Photo by Gwénaël Le Vot
Serves 4
Soup
1 tablespoon olive oil
1 large onion, chopped
1 celery stalk, diced
4 garlic cloves, minced
2 cups chicken or vegetable stock
1 28-ounce can fire-roasted diced tomatoes
1 teaspoon brown sugar
½ teaspoon dried basil
½ teaspoon thyme
¼ teaspoon red pepper flakes
½ cup heavy cream
Fresh chopped basil
Sandwich (one sandwich)
2 slices sourdough bread (or your favorite)
2 tablespoons unsalted butter, room temperature
4 thin slices (1 ounce each) cheddar, havarti, Gouda and Gruyère cheeses (or your favorites)
Heat oil in a Dutch oven or soup pot over medium heat. Add onions and celery and sauté until onions are translucent. Add garlic and sauté an additional minute. Stir in stock, tomatoes, sugar, basil, thyme and red pepper flakes. Bring to a boil and reduce heat. Cover pot and simmer until tomatoes are soft, about 15 minutes. Pour tomato mixture into a blender about half full, cover and puree until smooth. Repeat with another batch until all the mixture is pureed, then return to pot. Stir in cream and cook over medium heat until hot, 5–10 minutes. Garnish with fresh chopped basil and serve.
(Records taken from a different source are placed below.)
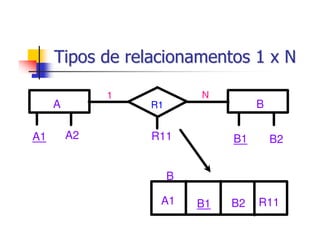 Tipos de relacionamentos 1 x N

              1            N
     A            R1                 B

A1       A2       R11           B1       B2


                       B

                   A1      B1   B2   R11
 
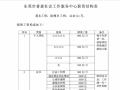 东莞市普惠社会工作服务中心薪资结构表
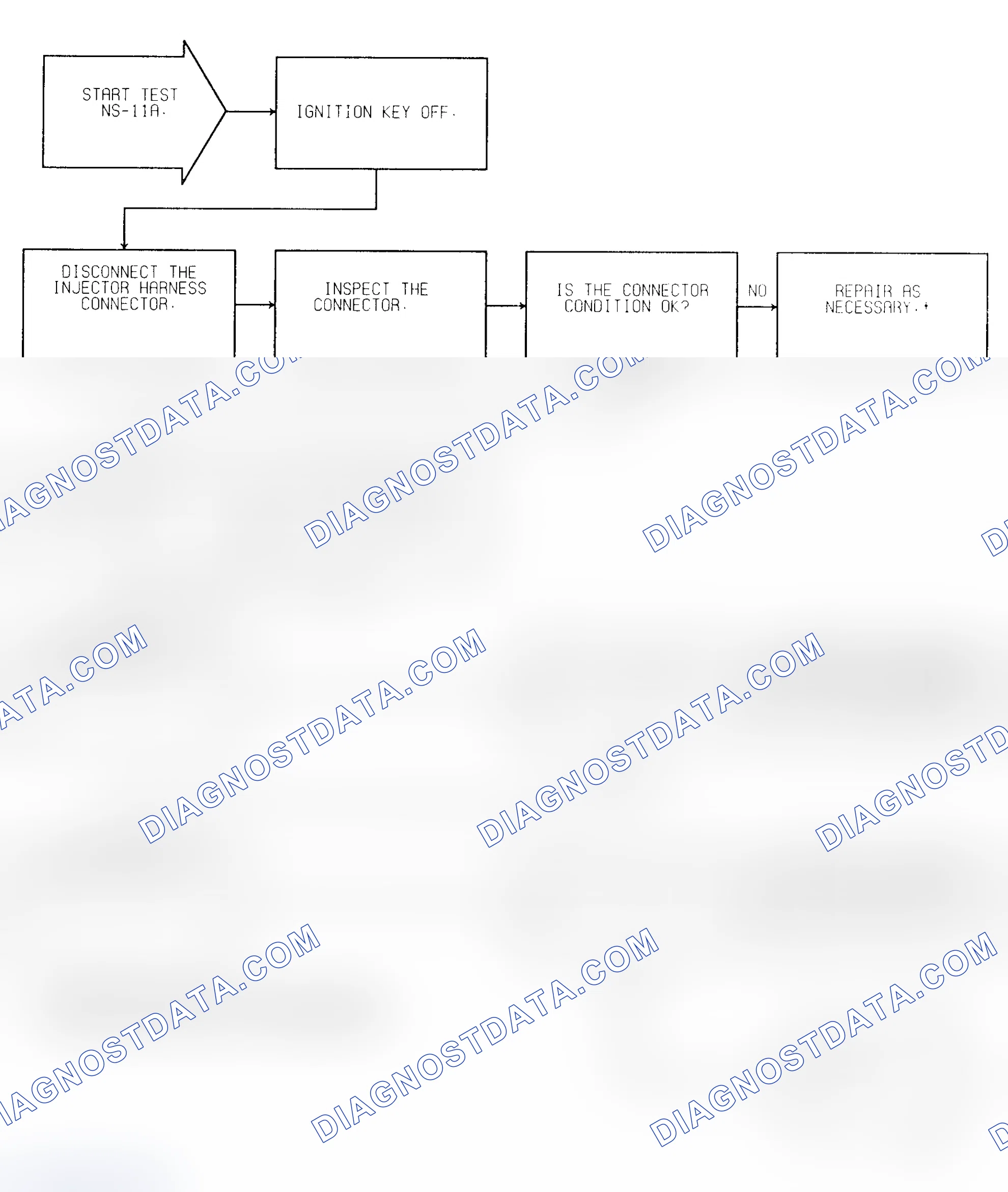 Scheme 47: Test NS-11A (1 of 3 Fault in Injector Circuit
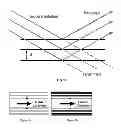 Fig. 02 - Microlayer coextrusion of optical end products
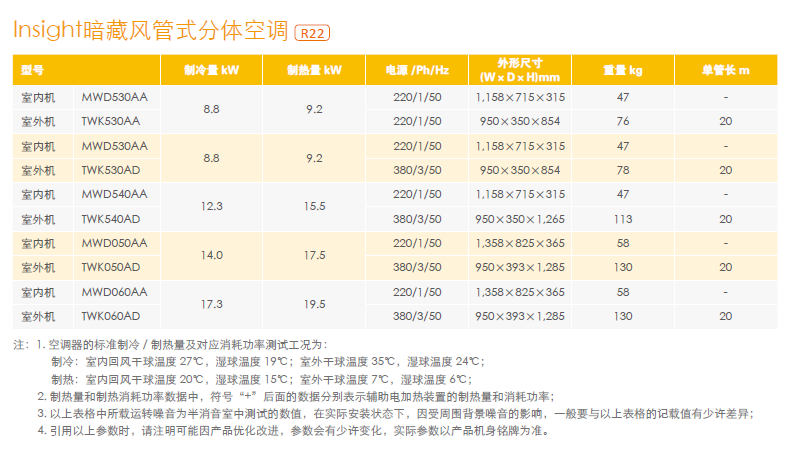 insight参数1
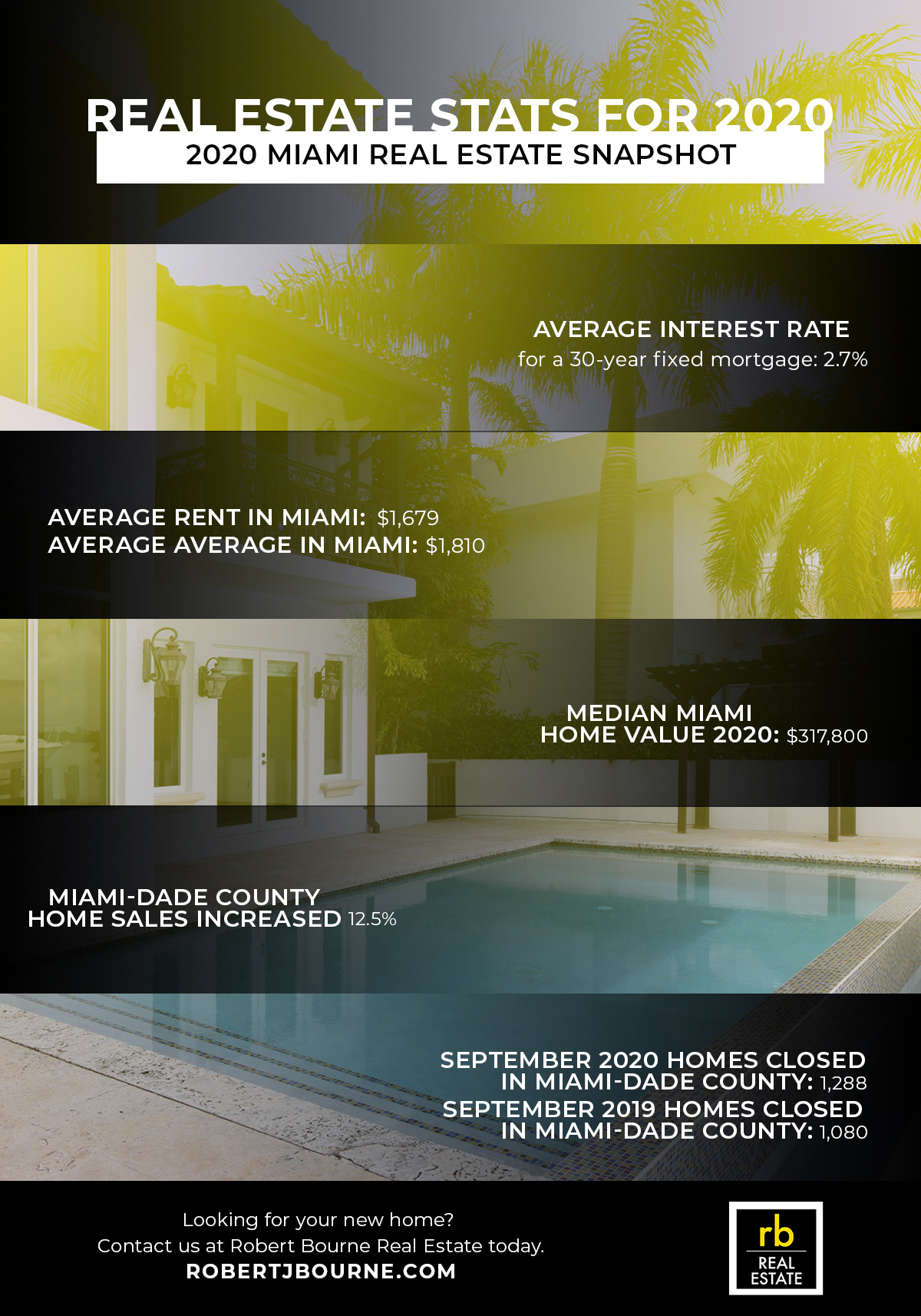 Real Estate Stats for 2020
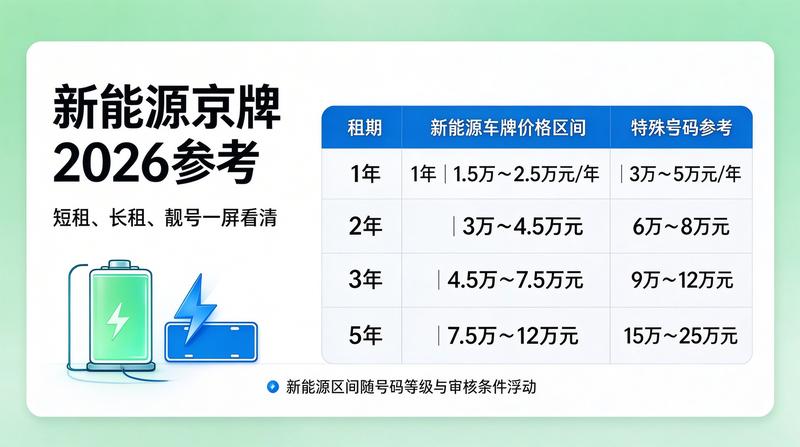 京牌租赁安全交易流程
Spread each side of the bread slices with butter. Add cheeses to one slice and cover with the second slice of bread. Heat a cast-iron skillet over medium heat. Add sandwich and cook until golden brown, 3–4 minutes. Flip and cook on the other side until golden brown. Transfer to a cutting board to cool slightly. Cut in half and serve immediately.